When the rubber met the road and the progressive climate change warriors in Silicon Valley needed energy to power their AI and data centers, you might be surprised to learn they didn’t opt for the “renewable” energy technologies they’ve been forcing down our throats (wind turbines and solar panels), using the weight of big government, but instead went for…reliability and affordability.

Or maybe it’s not all that unexpected, considering these are the same people who fly from climate conference to climate conference in personal private jets and gorge themselves on Kobe beef while calling on us to limit ourselves to crickets and lab-grown “meat” mash.

Today, Jo Nova at her eponymous blog reported on the news that executives at three of the biggest names in the tech world, Google, Microsoft, and Amazon, have been buying up nuclear reactors to supply the tremendous amount of energy required to run AI programs and data collection/storage facilities:

Two weeks ago it was Microsoft reviving Three Mile Island’s nuclear plant. Now Google is buying seven small modular reactors, and Amazon is  spending $500 million USD on part of a nuclear energy company.

If you weren’t aware, AI and data centers consume an unbelievable amount of energy; from Goldman Sachs earlier this year:

On average, a ChatGPT query needs nearly 10 times as much electricity to process as a Google search.

[snip]

Now, as the pace of efficiency gains in electricity use slows and the AI revolution gathers steam, Goldman Sachs Research estimates that data center power demand will grow 160% by 2030.

(I’d like to ask why the “pace of efficiency gains in electricity” is slowing—perhaps it’s the ridiculous constraints imposed by a progressive government forcing inefficient technologies—but that’s another topic for another day.)

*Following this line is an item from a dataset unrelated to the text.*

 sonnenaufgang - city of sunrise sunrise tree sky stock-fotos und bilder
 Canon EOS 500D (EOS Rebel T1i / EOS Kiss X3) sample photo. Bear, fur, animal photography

As we are all miserably aware, these three companies are radically left, both in their company mission and the personal ideology of their executives, and they use their weight to influence policy—they’re leading proponents of the progressive “climate change” narrative. While they’ve certainly “invested” a bit into the “zero-carbon” energy schemes, they abandoned their positions for personal gain when they needed reliability and affordability—the very reason we conservatives have insisted that nuclear energy is a great and clean option.

Does that mean we “unwashed masses” will be afforded the same opportunities? Or will we still be saddled inefficient and unaffordable?

I suspect the latter.

Thanks again to Jo Nova for great reporting.

Free image, Pixabay license.

Image: Free image, Pixabay license.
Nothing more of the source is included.